In sum, election officials nationwide mailed out 14.7 million ballots in 2020 that, one way or another, went unaccounted for. And that’s just the start of the problems.
PILF mined numbers compiled by the federal Election Assistance Commission , an entirely neutral outfit set up by Congress to provide voting guidelines and a clearinghouse for election information and statistics. The numbers are reported to the EAC by the states themselves, and PILF did no extrapolations of its own.

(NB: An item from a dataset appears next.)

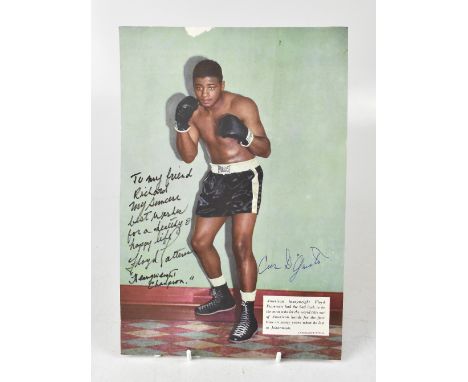 BOXING INTEREST; a page torn from a magazine bearing the signatures of Floyd Patterson and Cas D'Maggio.We have not authentic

In other words, these are not biased guesstimates but hard numbers, virtually irrefutable.
By “unaccounted for,” PILF means that EAC reports the ballots “were not returned as voted, were undeliverable, or were otherwise ‘unable to be tracked.’” Nobody knows whether someone actually tried to vote with those ballots only for the Postal Service to lose them or whether would-be voters decided not to bother or whether the ballots were mishandled by “ballot harvesters” (including well-intentioned ones) or whether some were part of a fraud scheme.

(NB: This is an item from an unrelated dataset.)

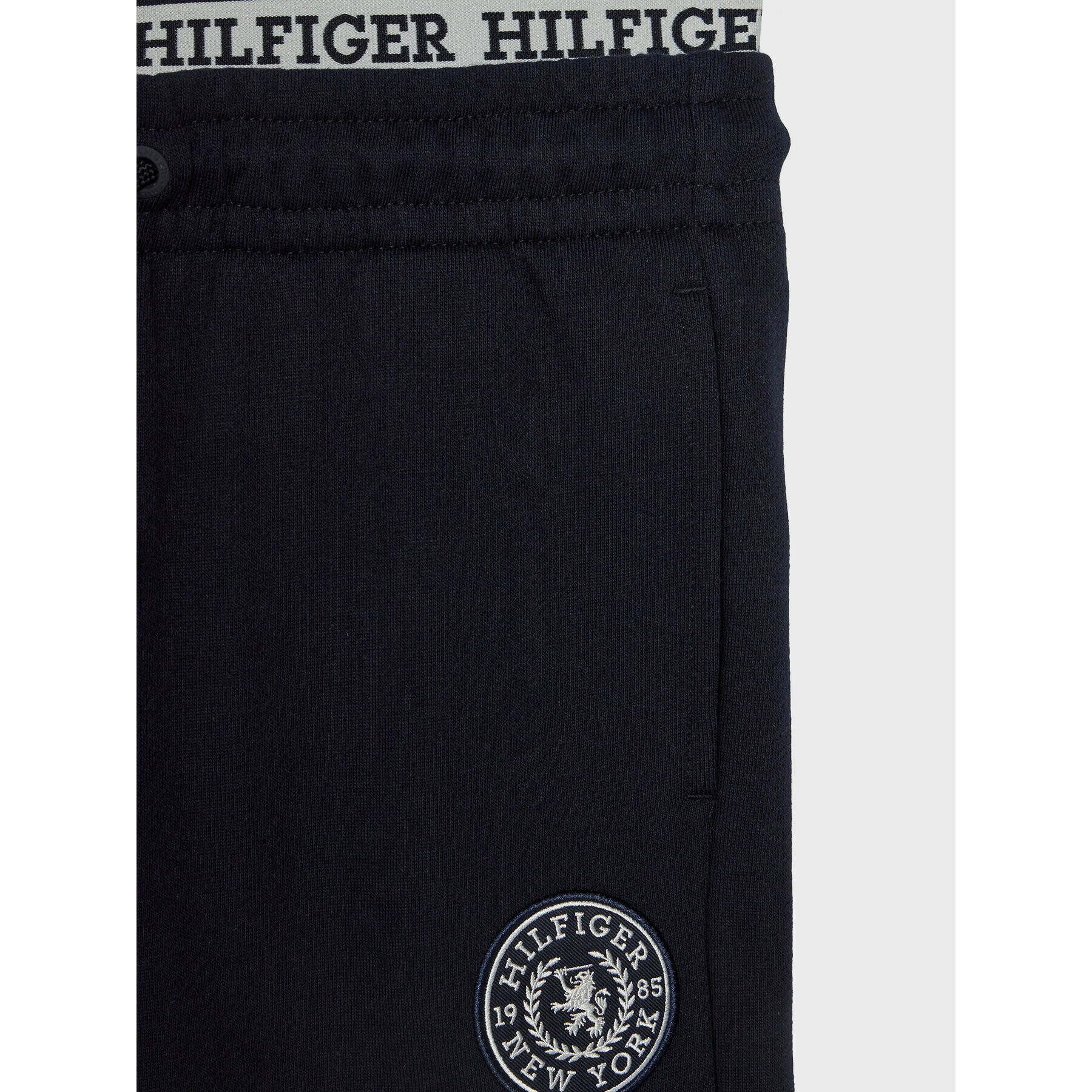 Tommy Hilfiger Pantaloni trening Crest Logo KB0KB08700 D Bleumarin Relaxed Fit - Pled.ro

PILF isn’t claiming some massive vote fraud, and it is not trying to relitigate the presidential election. Its point is that a combination of human error, systemic sloppiness, and perhaps even a bit of skullduggery together make it almost impossible to know if some close election counts actually were accurate.
“We shouldn’t be allowing the Post Office to determine who our elected leaders are,” said J. Christian Adams, president of PILF and also one of the eight members of the U.S. Commission on Civil Rights .

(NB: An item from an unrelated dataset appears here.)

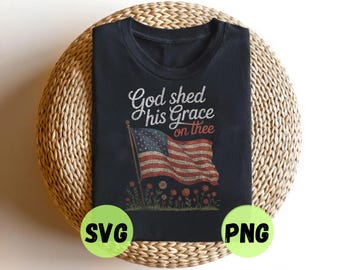 May include: A black t-shirt featuring a graphic print of an American flag on a flagpole with the text God shed his Grace on thee above it. Below the flag are small red flowers and green stems. The design has a distressed, vintage-style texture.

Additionally, another 1.1 million ballots were returned to election officials as undeliverable, meaning the addresses on file were wrong, and another 560,814 were “rejected” as otherwise invalid. These are huge numbers. These 1.7 million ballots and the other 14.7 million together show massive potential for future election results to be tainted and for more controversy and chaos of the sort this nation experienced (some of it for valid reasons, some based on lies) in the 2020 elections.
The first lesson is that mail-in voting should be limited, not encouraged, and certainly not seen as the main way to cast ballots. For years and years, through several bipartisan study commissions, the dangers of widespread mail-in voting came to be understood. Before mail-in systems became a favorite of national Democrats, the New York Times was reporting as basic fact, not opinion, that “votes cast by mail are less likely to be counted, more likely to be compromised and more likely to be contested than those cast in a voting booth.”
The second lesson, at least equally important, is that efforts to maintain accurate voter lists and to scrub them of ineligible voters are absolutely necessary. The political Left tries to portray even legally mandated voter-list maintenance as “voter purges” or “vote suppression,” but that is nonsense. If the fate or accuracy of more than 16 million ballots are a mystery, that means many poll commissioners are using outdated or inaccurate information. This isn’t systemic fraud, but it would be a massive systemic failure not to update voter lists.
To ensure both accurate results and public confidence in our election system, thorough and regular list maintenance is a necessity, and mail-in voting should be a last resort.